Repeat every line below exactly, word for word.
::: Given data
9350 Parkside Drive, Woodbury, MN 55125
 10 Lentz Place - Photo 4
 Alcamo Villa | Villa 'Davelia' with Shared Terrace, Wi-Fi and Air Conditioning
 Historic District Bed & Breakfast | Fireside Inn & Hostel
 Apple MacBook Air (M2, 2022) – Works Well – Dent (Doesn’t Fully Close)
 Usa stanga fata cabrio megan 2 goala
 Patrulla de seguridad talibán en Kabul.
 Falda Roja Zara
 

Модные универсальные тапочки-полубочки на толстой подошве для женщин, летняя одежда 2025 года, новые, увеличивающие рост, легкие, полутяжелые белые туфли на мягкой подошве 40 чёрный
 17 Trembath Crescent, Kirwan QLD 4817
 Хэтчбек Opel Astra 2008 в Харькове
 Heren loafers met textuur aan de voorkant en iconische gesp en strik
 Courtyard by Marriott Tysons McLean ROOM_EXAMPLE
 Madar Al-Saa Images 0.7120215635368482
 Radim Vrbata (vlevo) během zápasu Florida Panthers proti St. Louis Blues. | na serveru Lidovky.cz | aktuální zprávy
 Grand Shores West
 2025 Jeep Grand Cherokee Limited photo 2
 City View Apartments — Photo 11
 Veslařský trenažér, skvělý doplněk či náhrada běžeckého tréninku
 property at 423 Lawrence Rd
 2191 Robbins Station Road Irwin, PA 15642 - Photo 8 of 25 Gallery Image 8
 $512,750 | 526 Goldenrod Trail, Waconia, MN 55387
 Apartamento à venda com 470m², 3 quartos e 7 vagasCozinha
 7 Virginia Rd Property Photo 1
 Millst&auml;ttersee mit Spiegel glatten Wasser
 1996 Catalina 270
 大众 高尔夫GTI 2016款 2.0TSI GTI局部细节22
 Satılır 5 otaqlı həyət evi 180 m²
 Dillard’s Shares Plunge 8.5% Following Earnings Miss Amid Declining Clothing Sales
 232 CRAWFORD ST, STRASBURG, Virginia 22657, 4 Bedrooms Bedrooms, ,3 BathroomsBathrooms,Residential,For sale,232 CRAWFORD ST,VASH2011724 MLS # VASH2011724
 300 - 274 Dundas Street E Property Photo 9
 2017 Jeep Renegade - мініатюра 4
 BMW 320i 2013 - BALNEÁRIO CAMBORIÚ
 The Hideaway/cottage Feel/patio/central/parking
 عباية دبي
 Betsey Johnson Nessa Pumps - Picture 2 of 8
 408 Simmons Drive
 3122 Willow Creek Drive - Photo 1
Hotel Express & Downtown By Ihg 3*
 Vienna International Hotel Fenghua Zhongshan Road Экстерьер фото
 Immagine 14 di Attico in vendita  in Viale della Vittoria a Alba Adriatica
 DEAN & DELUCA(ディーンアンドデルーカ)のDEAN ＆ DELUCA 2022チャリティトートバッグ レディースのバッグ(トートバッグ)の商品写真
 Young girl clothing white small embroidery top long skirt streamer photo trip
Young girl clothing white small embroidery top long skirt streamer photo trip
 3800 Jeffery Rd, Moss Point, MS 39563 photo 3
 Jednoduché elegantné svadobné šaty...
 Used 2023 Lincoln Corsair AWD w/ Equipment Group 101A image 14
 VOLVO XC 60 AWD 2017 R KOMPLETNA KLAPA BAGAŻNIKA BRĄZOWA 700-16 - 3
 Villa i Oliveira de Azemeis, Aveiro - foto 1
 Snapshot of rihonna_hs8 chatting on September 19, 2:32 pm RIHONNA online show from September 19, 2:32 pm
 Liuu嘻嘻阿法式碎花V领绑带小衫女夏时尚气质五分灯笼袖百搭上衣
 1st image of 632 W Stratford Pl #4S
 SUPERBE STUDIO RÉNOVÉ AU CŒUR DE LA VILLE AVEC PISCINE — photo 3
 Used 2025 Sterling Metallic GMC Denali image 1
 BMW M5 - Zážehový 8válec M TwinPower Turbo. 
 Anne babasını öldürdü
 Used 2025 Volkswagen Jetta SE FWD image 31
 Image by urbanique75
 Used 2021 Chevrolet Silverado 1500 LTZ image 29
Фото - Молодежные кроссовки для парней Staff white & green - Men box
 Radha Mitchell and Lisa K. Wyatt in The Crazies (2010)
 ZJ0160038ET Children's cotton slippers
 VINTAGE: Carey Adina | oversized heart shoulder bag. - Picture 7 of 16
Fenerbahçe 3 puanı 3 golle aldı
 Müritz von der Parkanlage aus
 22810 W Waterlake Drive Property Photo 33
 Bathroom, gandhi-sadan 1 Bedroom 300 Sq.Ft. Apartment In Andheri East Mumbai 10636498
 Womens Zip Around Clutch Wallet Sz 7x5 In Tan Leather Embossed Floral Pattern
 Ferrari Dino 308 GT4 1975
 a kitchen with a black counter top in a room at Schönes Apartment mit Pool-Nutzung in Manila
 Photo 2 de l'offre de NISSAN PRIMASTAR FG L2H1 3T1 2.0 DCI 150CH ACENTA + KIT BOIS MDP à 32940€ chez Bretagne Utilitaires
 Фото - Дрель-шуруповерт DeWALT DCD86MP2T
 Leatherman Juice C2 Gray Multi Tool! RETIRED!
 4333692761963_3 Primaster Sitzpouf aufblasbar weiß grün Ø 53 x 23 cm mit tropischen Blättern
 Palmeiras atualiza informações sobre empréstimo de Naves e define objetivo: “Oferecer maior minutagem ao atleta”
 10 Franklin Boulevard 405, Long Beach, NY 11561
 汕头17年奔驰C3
::::::
▶ _Exercise solution_
9350 Parkside Drive, Woodbury, MN 55125
 10 Lentz Place - Photo 4
 Alcamo Villa | Villa 'Davelia' with Shared Terrace, Wi-Fi and Air Conditioning
 Historic District Bed & Breakfast | Fireside Inn & Hostel
 Apple MacBook Air (M2, 2022) – Works Well – Dent (Doesn’t Fully Close)
 Usa stanga fata cabrio megan 2 goala
 Patrulla de seguridad talibán en Kabul.
 Falda Roja Zara
 

Модные универсальные тапочки-полубочки на толстой подошве для женщин, летняя одежда 2025 года, новые, увеличивающие рост, легкие, полутяжелые белые туфли на мягкой подошве 40 чёрный
 17 Trembath Crescent, Kirwan QLD 4817
 Хэтчбек Opel Astra 2008 в Харькове
 Heren loafers met textuur aan de voorkant en iconische gesp en strik
 Courtyard by Marriott Tysons McLean ROOM_EXAMPLE
 Madar Al-Saa Images 0.7120215635368482
 Radim Vrbata (vlevo) během zápasu Florida Panthers proti St. Louis Blues. | na serveru Lidovky.cz | aktuální zprávy
 Grand Shores West
 2025 Jeep Grand Cherokee Limited photo 2
 City View Apartments — Photo 11
 Veslařský trenažér, skvělý doplněk či náhrada běžeckého tréninku
 property at 423 Lawrence Rd
 2191 Robbins Station Road Irwin, PA 15642 - Photo 8 of 25 Gallery Image 8
 $512,750 | 526 Goldenrod Trail, Waconia, MN 55387
 Apartamento à venda com 470m², 3 quartos e 7 vagasCozinha
 7 Virginia Rd Property Photo 1
 Millst&auml;ttersee mit Spiegel glatten Wasser
 1996 Catalina 270
 大众 高尔夫GTI 2016款 2.0TSI GTI局部细节22
 Satılır 5 otaqlı həyət evi 180 m²
 Dillard’s Shares Plunge 8.5% Following Earnings Miss Amid Declining Clothing Sales
 232 CRAWFORD ST, STRASBURG, Virginia 22657, 4 Bedrooms Bedrooms, ,3 BathroomsBathrooms,Residential,For sale,232 CRAWFORD ST,VASH2011724 MLS # VASH2011724
 300 - 274 Dundas Street E Property Photo 9
 2017 Jeep Renegade - мініатюра 4
 BMW 320i 2013 - BALNEÁRIO CAMBORIÚ
 The Hideaway/cottage Feel/patio/central/parking
 عباية دبي
 Betsey Johnson Nessa Pumps - Picture 2 of 8
 408 Simmons Drive
 3122 Willow Creek Drive - Photo 1
Hotel Express & Downtown By Ihg 3*
 Vienna International Hotel Fenghua Zhongshan Road Экстерьер фото
 Immagine 14 di Attico in vendita  in Viale della Vittoria a Alba Adriatica
 DEAN & DELUCA(ディーンアンドデルーカ)のDEAN ＆ DELUCA 2022チャリティトートバッグ レディースのバッグ(トートバッグ)の商品写真
 Young girl clothing white small embroidery top long skirt streamer photo trip
Young girl clothing white small embroidery top long skirt streamer photo trip
 3800 Jeffery Rd, Moss Point, MS 39563 photo 3
 Jednoduché elegantné svadobné šaty...
 Used 2023 Lincoln Corsair AWD w/ Equipment Group 101A image 14
 VOLVO XC 60 AWD 2017 R KOMPLETNA KLAPA BAGAŻNIKA BRĄZOWA 700-16 - 3
 Villa i Oliveira de Azemeis, Aveiro - foto 1
 Snapshot of rihonna_hs8 chatting on September 19, 2:32 pm RIHONNA online show from September 19, 2:32 pm
 Liuu嘻嘻阿法式碎花V领绑带小衫女夏时尚气质五分灯笼袖百搭上衣
 1st image of 632 W Stratford Pl #4S
 SUPERBE STUDIO RÉNOVÉ AU CŒUR DE LA VILLE AVEC PISCINE — photo 3
 Used 2025 Sterling Metallic GMC Denali image 1
 BMW M5 - Zážehový 8válec M TwinPower Turbo. 
 Anne babasını öldürdü
 Used 2025 Volkswagen Jetta SE FWD image 31
 Image by urbanique75
 Used 2021 Chevrolet Silverado 1500 LTZ image 29
Фото - Молодежные кроссовки для парней Staff white & green - Men box
 Radha Mitchell and Lisa K. Wyatt in The Crazies (2010)
 ZJ0160038ET Children's cotton slippers
 VINTAGE: Carey Adina | oversized heart shoulder bag. - Picture 7 of 16
Fenerbahçe 3 puanı 3 golle aldı
 Müritz von der Parkanlage aus
 22810 W Waterlake Drive Property Photo 33
 Bathroom, gandhi-sadan 1 Bedroom 300 Sq.Ft. Apartment In Andheri East Mumbai 10636498
 Womens Zip Around Clutch Wallet Sz 7x5 In Tan Leather Embossed Floral Pattern
 Ferrari Dino 308 GT4 1975
 a kitchen with a black counter top in a room at Schönes Apartment mit Pool-Nutzung in Manila
 Photo 2 de l'offre de NISSAN PRIMASTAR FG L2H1 3T1 2.0 DCI 150CH ACENTA + KIT BOIS MDP à 32940€ chez Bretagne Utilitaires
 Фото - Дрель-шуруповерт DeWALT DCD86MP2T
 Leatherman Juice C2 Gray Multi Tool! RETIRED!
 4333692761963_3 Primaster Sitzpouf aufblasbar weiß grün Ø 53 x 23 cm mit tropischen Blättern
 Palmeiras atualiza informações sobre empréstimo de Naves e define objetivo: “Oferecer maior minutagem ao atleta”
 10 Franklin Boulevard 405, Long Beach, NY 11561
 汕头17年奔驰C3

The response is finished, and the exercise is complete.